Airflow separation may be a more accurate way to characterize what is happening to the tail than stall. This isn't a theory 185flier or I came up with. Sometimes Caravans crash for no apparent reason. The NTSB is not God, and their findings of probable cause are not always correct. (I think its just easier for them to fault improper deicing than to think that a plane with 25 plus years in service could have a serious, unknown problem.) I was briefed on an engineer's report several years ago detailing this phenomenon and it made sense to me.
The way I think it happens is the plane is climbing out and at too low an airspeed and the flaps are retracted. The angle of attack is high enough that when upforce is called for on the tail, the wing is effectively blocking it out. Airflow over the tail is normal until it needs to transition from negative to positive lift. Wings' downwash effects on a tail falling directly behind the wing may be more conducive to a tail with negative lift than to one with positive lift.

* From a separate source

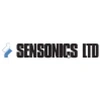 Sensonics Technologies India Private Limited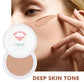 ❣️Buy 2 Get 1 Free❣️Full Coverage Waterproof Concealer Cream Makeup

Picture someone at a low climb speed pushing flaps selector fully from 20 to zero, then diverting his attention elsewhere. If airflow separates over the tail when positive tail lift is required, and if right at that moment he continues to allow the flaps to retract, he is going to have a very bad day. All it would take to right this unfortunate situation (aside from not having retracted the flaps at too low an airspeed in the first place) would be to put the flap lever back down to where it was before the problem occurred. Then get some more airspeed, carefully, incrementally retract the flaps and continue the flight without incident.
Right at the moment when airflow separates over the tail the result is an uncommanded nose up. There is no Cessna recommended recovery technique for uncommanded nose up, so how is what 185flier and I recommend here in any way contravening Cessna?